The opening Introsyndicate fades directly into 3:70am: that elusively foggy time when the dreamy-hazy night pulses on in one’s head, despite the body’s insistence to call it a night; and if one frequents discos, bars, jazz clubs, and late-night hangs, then you’re already familiar with the musical disposition the band evokes when they extemporize on this driving funky-mellow groove.

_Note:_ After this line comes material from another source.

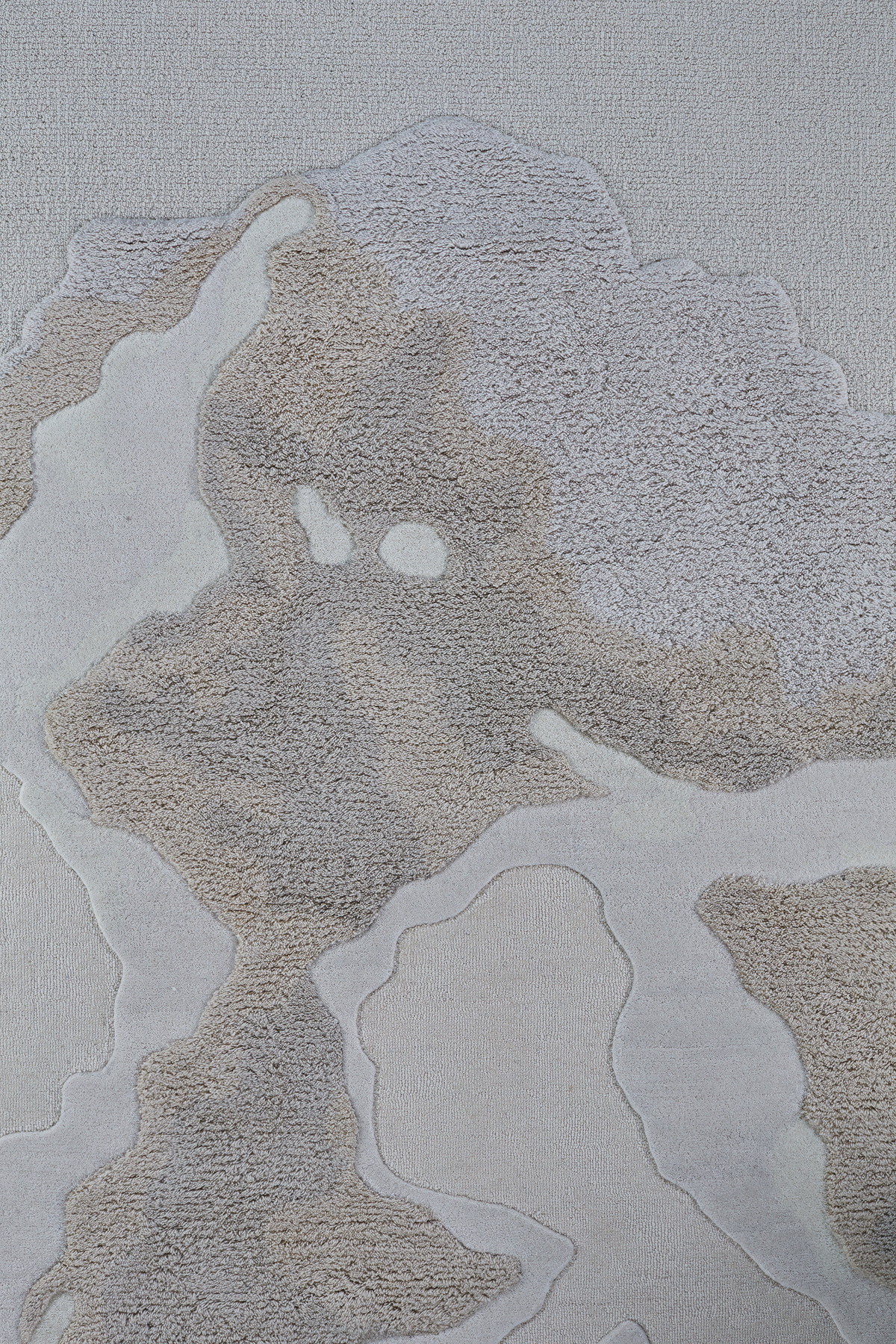 Massimo Cloud 9 Cloudy tapis en laine gris, vue de dessus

When the worries of the day are washed away by activities of the night, distant bitter and sweet memories can rise to the surface of one’s consciousness. The march of time conjured in the enigmatically titled Powder Monkies, and the carefree childlike dreaminess it paints, acts as a evocative foreshadow for the beautifully conceived Mother that appears later in the album. From the two note falling melody, “mo – ther,” that opens the track, to its emotional climax, this penetratingly sumptuous ballad themed on the most fundamental and complex of human relationships, is a musical tour-de-force. Featuring Young’s lyrically virtuosic trombone, with brilliant contributing solos from Manusama and Benton (and outstanding ensemble playing by all), Mother demonstrates what a tight-knit and mature syndicate this band truly is, despite its relatively recent formation.

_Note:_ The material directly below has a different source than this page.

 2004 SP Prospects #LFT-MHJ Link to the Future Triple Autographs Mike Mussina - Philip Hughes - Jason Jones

With, BS’n, Saladin, and Naw, Bassment Syndicate elucidates that although it has a penchant for cross-stylistic experimentation, their roots are firmly planted in jazz, (particularly in the classic pop-funk-jazz fusion heralded by Miles Davis and his bands of the 1970s). BS’n, with its 70s funk groove, replete with classic guitar pedal effects in combination with extended harmonies and angular solos, and Saladin led in tandem by Azmi’s driving backbeat and Fook’s (who is featured in a tightly-conceived, virtuosic solo) energetic slapbass technique, these two tunes are also vehicles for Young’s formidable skills as an improviser. Naw, with its morning misty richness, supplied by the rhythm section, features Young on a Bill Evan’s inspired piano in dialogue with Benton’s electronic keyboard vocalizing.
The ebullient Polaroid, rounds out this remarkable album, and captures the unbridled joy of waking up to a new day, fresh with possibility. This sunrise snapshot is apt metaphor for Bassment Syndicate’s fantastic debut, and the diversely vibrant, multifaceted South East Asian musical scene they represent.